Where the boys are

“There are boys at Mount Vernon?” freshman Swathi Veravalli asked.

Beginning this semester, 68 men joined 192 female students at the Mount Vernon Campus. But many females said they do not notice the male presence.

“I don’t see them around,” freshman Laila Hasan said. “More guys come up from Foggy Bottom to eat here.”

Originally a women’s college, Mount Vernon housed only women before this semester. Classes have been open to both males and females since GW purchased the campus in 1998.

Freshman Gurpreet Sadhi said the male-to-female ratio did not factor into his decision to live at Mount Vernon.

Sadhi, a soccer fan, said the 23-acre campus attracted him because it houses the men’s and women’s soccer and lacrosse fields. Sadhi also said the campus appealed to him because it is reminiscent of his suburban home.

“The smaller class sizes allow me to interact more with the professors,” Sadhi said. “The food is also spectacular.

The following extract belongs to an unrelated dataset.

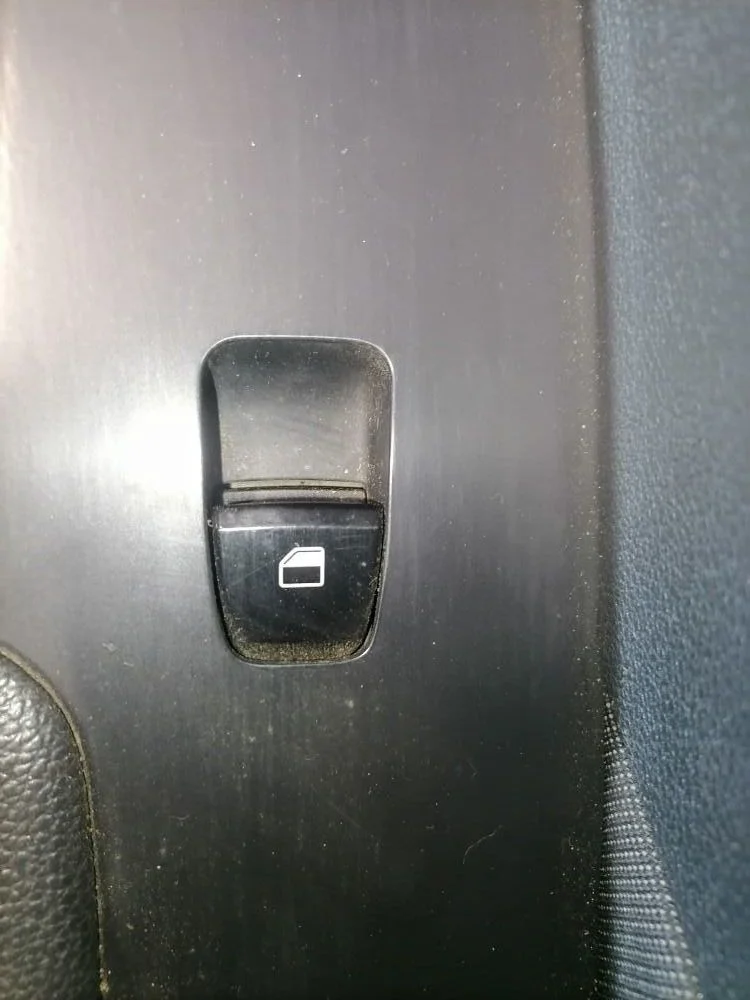 Кнопка стеклоподьемника передней двери  Solaris II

You can’t miss it.”

Freshman Matt Speiler said choosing Mount Vernon also had little to do with an abundance of women around.

Speiler, who comes from a small town, said he felt living at Mount Vernon would make his transition to college easier while adapting to the heart of the nation’s capital.

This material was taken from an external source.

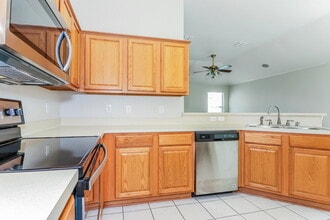 5528 Spring Ridge Dr in Watauga, TX - Building Photo - Building Photo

For Speiler, it admissions played into the decision.

“I heard they were looking for guys to live there, so I figured my chances of getting in would rise if I applied to live at Mount Vernon,” Speiler said.

Jeff Press, a freshman living in Thurston Hall, takes a class at Mount Vernon twice a week for an obvious reason: “The reason I’d live up here is for the girls! What other reason is there?” Press said.

Women at Mount Vernon often live there to study women’s studies. Having men might improve the social atmosphere, but some students said it doesn’t change whether or not they would be there.

“Having guys here is great, but it wasn’t the reason I decided to live at Mount Vernon,” freshman Daisy Dawson said. “Most of the girls come for the Women In Power program.”

Freshman Orchid Liu said whether or not men live at Mount Vernon is unimportant when deciding where to live.

“I like Mount Vernon because it is quieter, somewhere to retreat to,” Liu said.

The men at Mount Vernon live in the campus’ two largest residence Halls, Executive Dean of the Mount Vernon Grae Baxter said. Pelham Hall is coed by wing and Somers Hall is coed by suite.

Baxter said the campus made only two changes to prepare for the male students. Male community facilitators were hired, and the all-important men’s rooms were added to the residence halls.

GW administrators have allowed both sexes to take advantage of the housing options available at Mount Vernon. Students say they hope in time the male-to-female ratio will begin to balance out.

On living on a campus that is 74 percent female, freshman Tanner Blonquist said simply, “It’s really nice.”